At the same time, though, Tonegawa is working for a clearly evil company that’s going around threatening people into paying off their debts before the “death game” element is even produced. And MMB wants to play an absurd angle off of that as well, with the meeting Tonegawa convenes to discuss Death Game planning devolving into mundane introductions among the identically-besuited henchmen. Again, fine. Horrific evil done in mundane ways has been a ripe subject for comedy.

Trying to do both at once, however, results in neither approach getting full attention and sometimes even cancelling each other out. There are a few jokes that work, like the initial hard shift into the introductions scene, but every effective joke is subsequently beaten into the ground, through the molten crust, and right on down into Hell. Never let a joke go once when you can repeat it six times, that’s Mr. TONEGAWA‘s motto.

tonegawa walking down an alley. caption: damn trash...Does he expect society to mother him?
Sorry, did you say something? My ears are ringing from these dog whistles

What’s left over most consistently across both approaches is the show’s wish-fulfillment angle. Thankfully it’s not nearly so mean-spirited and ugly as Inuyashiki, but its worldview is squarely in sympathy with its protagonist, and how you feel about that is likely going to make or break the show for you.

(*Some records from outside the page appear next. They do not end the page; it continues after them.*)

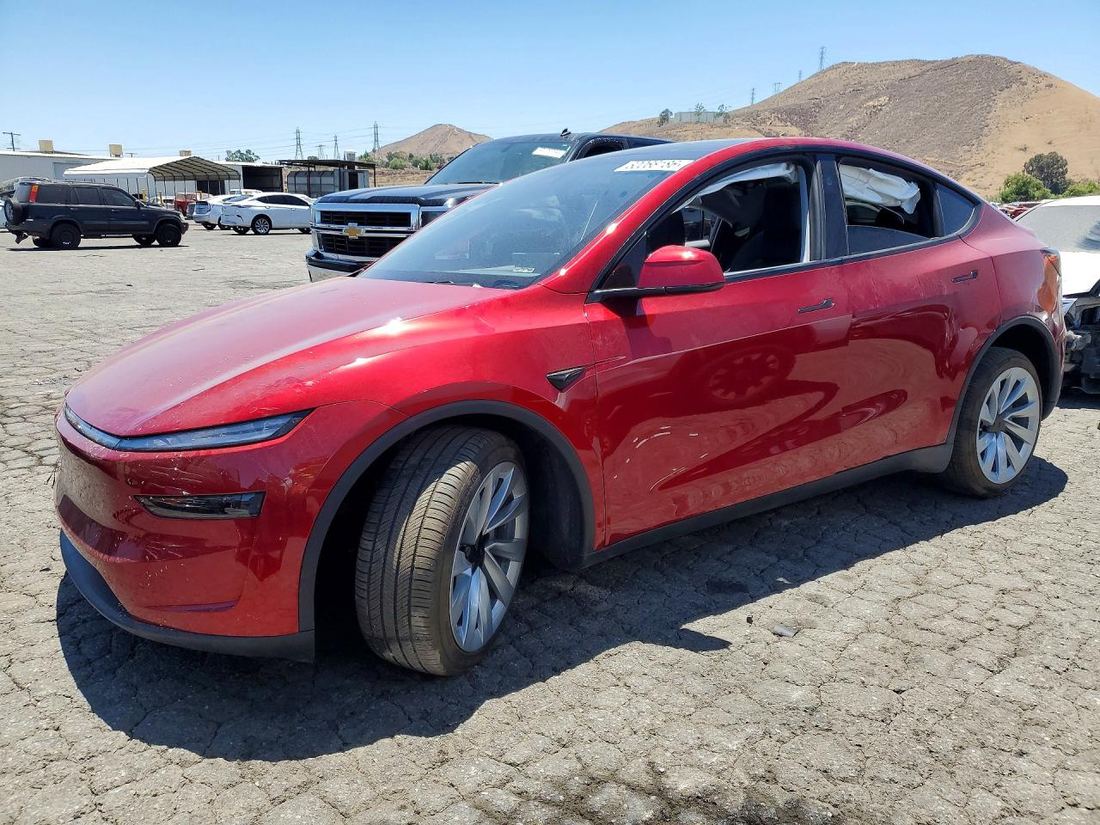 2026 TESLA MODEL Y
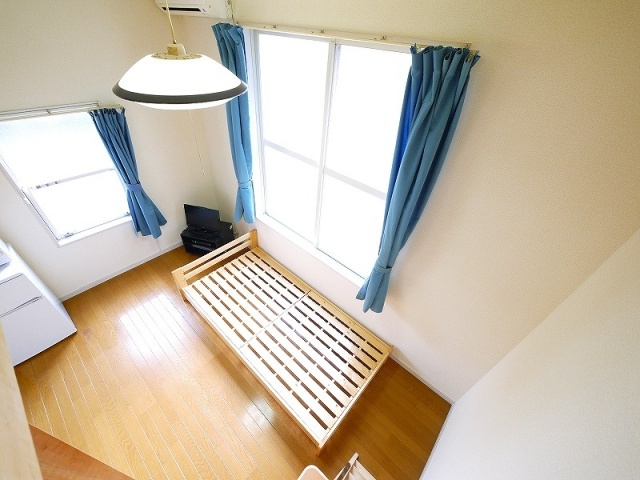 レオパレスカサの居間・リビング|ゆったりとしたリビングです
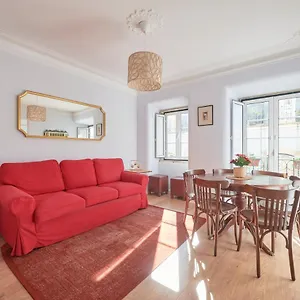 Amazing Terrace And Riverview In Historical Lisbon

I said “middle-aged manager” at the beginning of the series, but “male” is no less an assumption for this show. Aside from a Teiai customer getting shaken down in the first part of the episode, who gets a handful of lines, the only women in this episode are pretty, silent dancers in skintight white leotards being used to advertise the Teiai Group. They’re not part of the company that we’re shown here, at the very least.

a close-up of a woman in a clinging white jumpsuit
I’m clearly not the target audience here because all I can think about are the wedgies they must have

Even when the show is motioning toward ridiculousness, Tonegawa is being built up as either a semi-mythic or relatable figure: he’s the best at intimidating people who owe the company money, wow isn’t he cool when he tells them society doesn’t owe them anything; he’s bound and required to please his boss, even if that means creating an arena for people to fight to the death; and he’s just so relatable when he yells at his subordinates for having names he can’t remember.

Maybe some of that is indeed relatable for some in a writ-large sort of way. My experience, though, is a little more on the side of the employee being asked to do something by their employer and then yelled at for not meeting an arbitrary and unspoken expectation.

I want to go bowling with the besuited mooks Tonegawa dubs “The Gutter Balls,” not hang around listening to the commiseration of a guy whose biggest concern is whether he’ll be able to go golfing on the weekend. Particularly when this show is so uncertain of its own identity.